Apesar de a paciente preencher os requisitos legais e biológicos previstos no Conselho Federal de Medicina, a defensora diz que não há previsão sobre a realização da cirurgia de redesignação sexual (CRS). Diante da demora, a única solução, segundo ela, foi ajuizar a ação.
"Pra fazer a cirurgia no SUS, o paciente se cadastra, recebe o tratamento e entra na fila. Tendo em vista que o prazo para realização é muito extenso, é que se vem buscando essa abreviação por meio do processo judicial", disse Ana Simone, que confirma ter ao menos mais dois casos semelhantes em Ribeirão, ainda em fase de petição.
Atualmente, segundo a Defensoria, cinco centros hospitalares no país estão aptos a fazer a CRS, dentre eles o Hospital das Clínicas de São Paulo. Hospitais no Rio de Janeiro (RJ), Recife (PE), Porto Alegre (RS) e Goiânia (GO) também dispõem do serviço, de acordo com ela.
"Não existe uma questão de urgência, mas sim de necessidade. O Estado não está atendendo a demanda como deveria, daí o cidadão se ver obrigado a ingressar com uma ação para ter o direito reconhecido", explica Ana Simone.
Medida cautelar
A juíza Lucilene Aparecida Canella de Melo acatou o pedido e concedeu uma medida cautelar em 4 de novembro obrigando o Estado a fazer a cirurgia em 30 dias.

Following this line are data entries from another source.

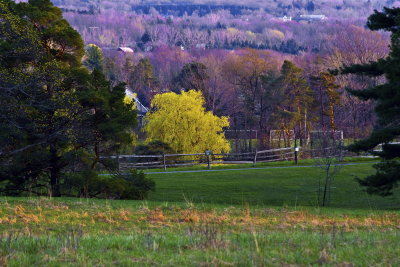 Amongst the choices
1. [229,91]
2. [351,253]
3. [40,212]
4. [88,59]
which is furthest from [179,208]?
[88,59]

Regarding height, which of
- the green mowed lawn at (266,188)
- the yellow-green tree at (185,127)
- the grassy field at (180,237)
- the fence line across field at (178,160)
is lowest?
the green mowed lawn at (266,188)

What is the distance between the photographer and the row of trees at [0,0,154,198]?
21.7 meters

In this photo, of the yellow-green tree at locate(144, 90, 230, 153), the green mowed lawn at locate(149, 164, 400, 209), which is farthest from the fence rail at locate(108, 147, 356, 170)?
the green mowed lawn at locate(149, 164, 400, 209)

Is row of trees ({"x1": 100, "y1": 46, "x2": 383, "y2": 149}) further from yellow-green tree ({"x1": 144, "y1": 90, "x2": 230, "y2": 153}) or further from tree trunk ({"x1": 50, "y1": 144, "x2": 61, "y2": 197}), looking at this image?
tree trunk ({"x1": 50, "y1": 144, "x2": 61, "y2": 197})

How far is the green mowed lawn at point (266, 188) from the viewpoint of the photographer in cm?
2744

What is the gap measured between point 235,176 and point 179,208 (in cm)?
2158

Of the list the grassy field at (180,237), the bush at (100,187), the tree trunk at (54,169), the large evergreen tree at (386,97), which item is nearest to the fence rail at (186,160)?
the tree trunk at (54,169)

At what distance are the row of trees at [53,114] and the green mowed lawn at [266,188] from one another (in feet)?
12.0

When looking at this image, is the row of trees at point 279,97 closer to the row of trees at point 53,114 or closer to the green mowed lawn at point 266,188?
the green mowed lawn at point 266,188

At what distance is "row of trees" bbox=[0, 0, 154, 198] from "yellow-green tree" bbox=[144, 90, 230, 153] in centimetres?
3358

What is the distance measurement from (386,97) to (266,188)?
11.6m

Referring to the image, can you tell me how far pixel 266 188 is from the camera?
32250 millimetres

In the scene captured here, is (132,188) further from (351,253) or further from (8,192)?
(351,253)

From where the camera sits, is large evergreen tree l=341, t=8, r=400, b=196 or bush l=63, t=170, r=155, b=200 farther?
bush l=63, t=170, r=155, b=200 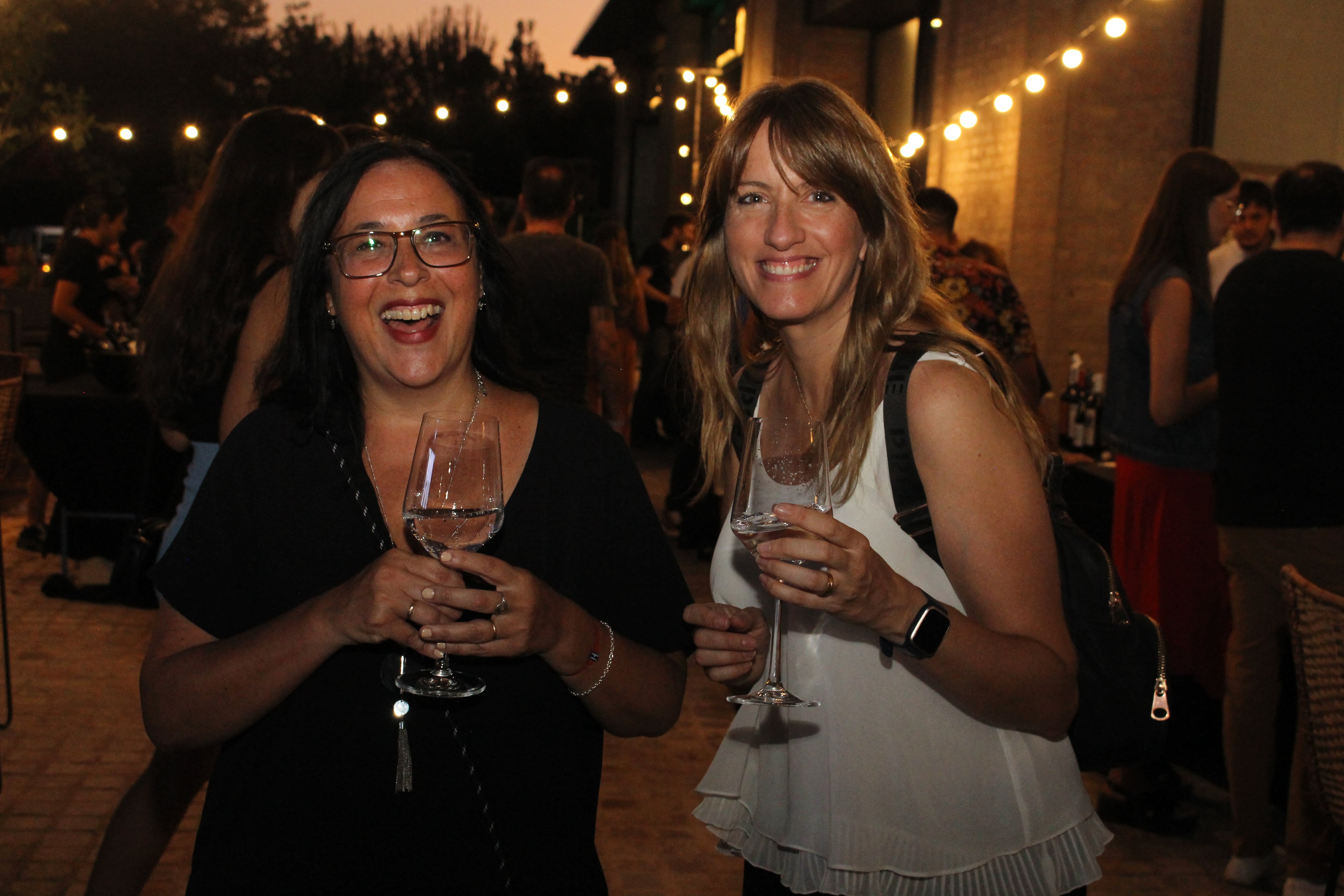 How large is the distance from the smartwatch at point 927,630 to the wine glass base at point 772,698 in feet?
0.59

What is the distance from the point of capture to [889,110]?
1410 centimetres

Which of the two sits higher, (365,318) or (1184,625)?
(365,318)

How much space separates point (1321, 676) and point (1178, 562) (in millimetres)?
1694

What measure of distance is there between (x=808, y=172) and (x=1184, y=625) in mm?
3039

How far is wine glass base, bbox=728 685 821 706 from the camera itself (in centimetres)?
177

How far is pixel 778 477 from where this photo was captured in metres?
1.65

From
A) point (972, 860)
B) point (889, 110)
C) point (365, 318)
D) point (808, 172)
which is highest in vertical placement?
point (889, 110)

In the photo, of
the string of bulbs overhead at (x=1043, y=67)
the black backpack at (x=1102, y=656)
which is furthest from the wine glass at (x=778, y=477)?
the string of bulbs overhead at (x=1043, y=67)

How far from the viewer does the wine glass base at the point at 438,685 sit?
1.73 m

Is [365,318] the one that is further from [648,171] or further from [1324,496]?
[648,171]

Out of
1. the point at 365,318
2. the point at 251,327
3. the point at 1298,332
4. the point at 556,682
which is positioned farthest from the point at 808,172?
the point at 1298,332

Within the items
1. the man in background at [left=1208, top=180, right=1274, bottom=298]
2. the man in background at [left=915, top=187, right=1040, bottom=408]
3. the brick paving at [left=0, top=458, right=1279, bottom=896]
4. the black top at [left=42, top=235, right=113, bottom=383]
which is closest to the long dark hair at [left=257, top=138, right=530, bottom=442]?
the brick paving at [left=0, top=458, right=1279, bottom=896]

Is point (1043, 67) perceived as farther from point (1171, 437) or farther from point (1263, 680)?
point (1263, 680)

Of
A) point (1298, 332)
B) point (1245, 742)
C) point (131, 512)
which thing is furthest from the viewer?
point (131, 512) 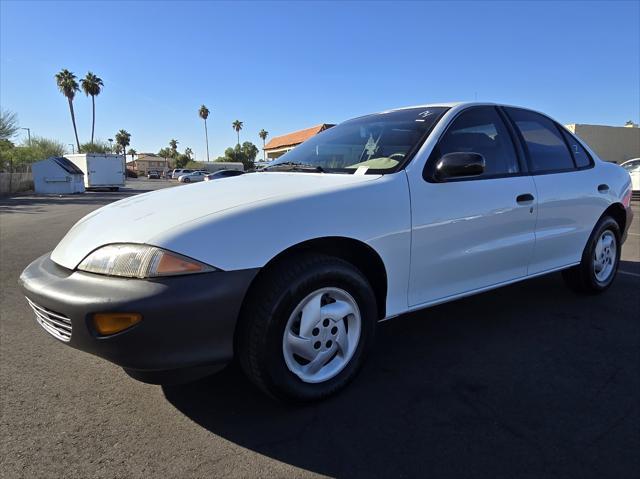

A decisão foi divulgada esta semana por meio da Defensoria.
A magistrada destacou o desconforto da paciente e julgou que não há necessidade de se esperar o julgamento final para se conceder o direito à cirurgia.
"Diante de tanto sofrimento – a demandar uma rápida resposta do Judiciário –, não se vê nenhuma razão para se aguardar o julgamento final da ação – que certamente será procedente -, para, só então, dar à autora aquilo que lhe é seu de direito e que é inato a todo ser humano: o direito a uma vida plena e digna, que somente é possível com a adequação das características biológicas do ser ao seu sexo psicológico”, expediu a juíza.
Estado
O Departamento Regional de Saúde de Ribeirão Preto, ligado à Secretaria de Estado da Saúde, informou ter sido notificado na segunda-feira (21) sobre a decisão e que trabalhará com o município para que a paciente seja encaminhada a uma unidade de referência.
"Vale destacar que a cirurgia de redesignação sexual é altamente complexa e que deve ser precedida de um trabalho visando preparar o paciente, inclusive do ponto de vista psicológico, para a realização do procedimento", comunicou.
A Prefeitura, por outro lado, cogita recorrer da decisão. Procurado, o Hospital das Clínicas de Ribeirão informou que não realiza esse tipo de procedimento e não tem nada a declarar sobre o assunto.